Exercise description → Down to the last line, print the data that follows exactly, without its pictures.

Raw data →

<<<<

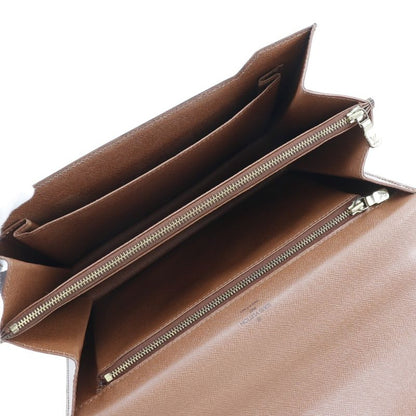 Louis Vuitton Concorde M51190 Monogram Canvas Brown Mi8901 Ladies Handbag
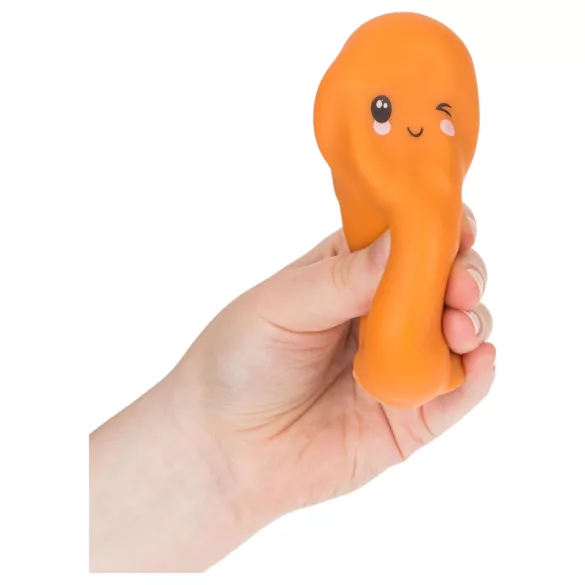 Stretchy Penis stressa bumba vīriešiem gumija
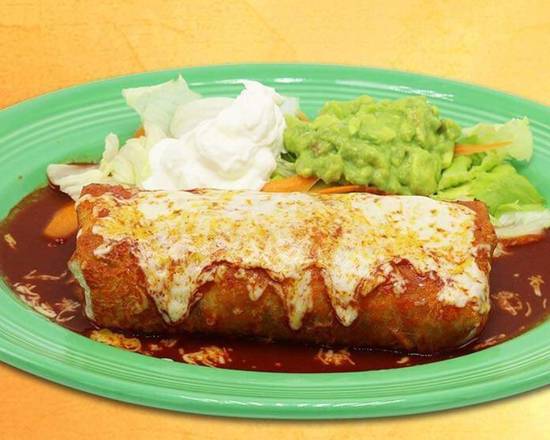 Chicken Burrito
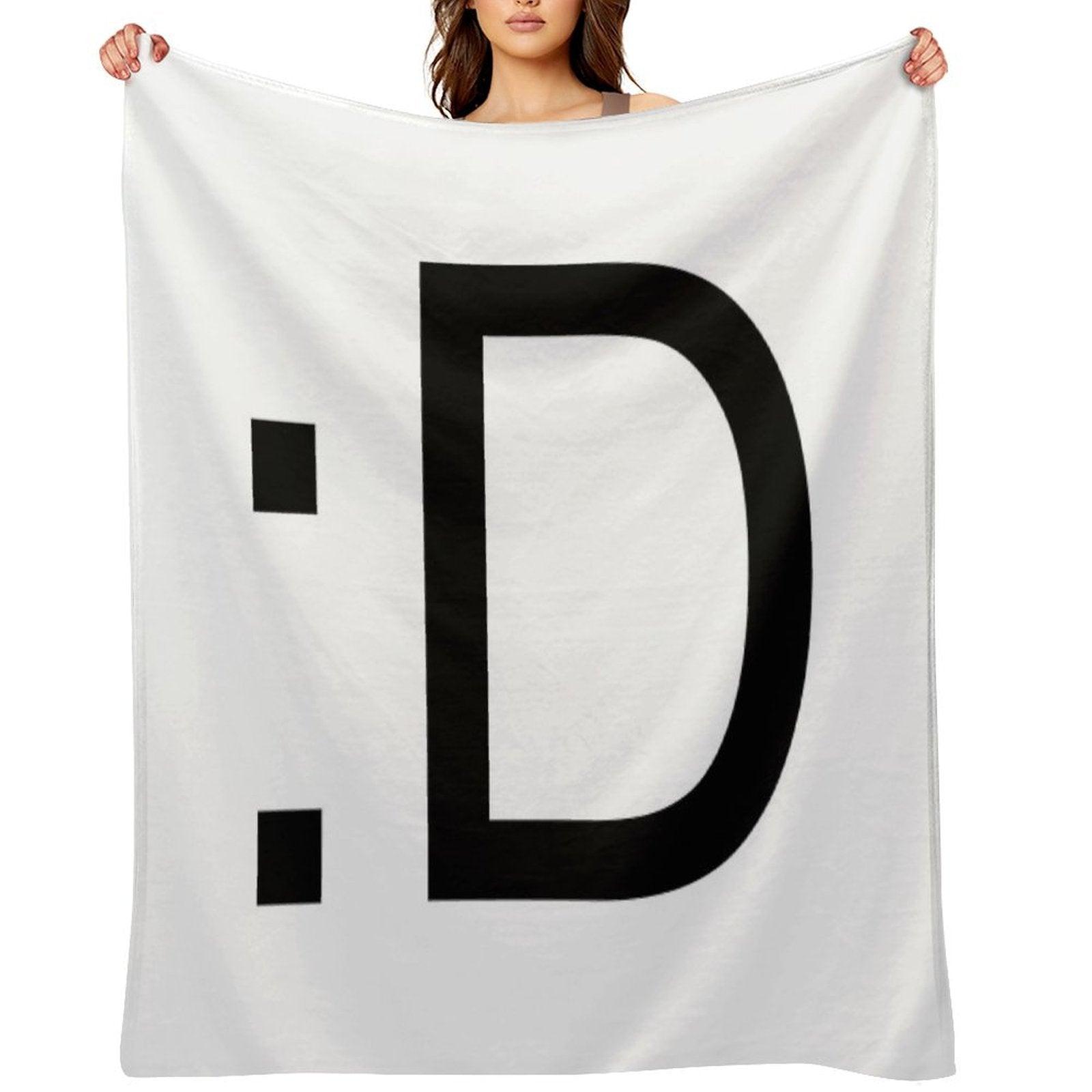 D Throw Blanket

>>>>

Response box →
 Louis Vuitton Concorde M51190 Monogram Canvas Brown Mi8901 Ladies Handbag
 Stretchy Penis stressa bumba vīriešiem gumija
 Chicken Burrito
 D Throw Blanket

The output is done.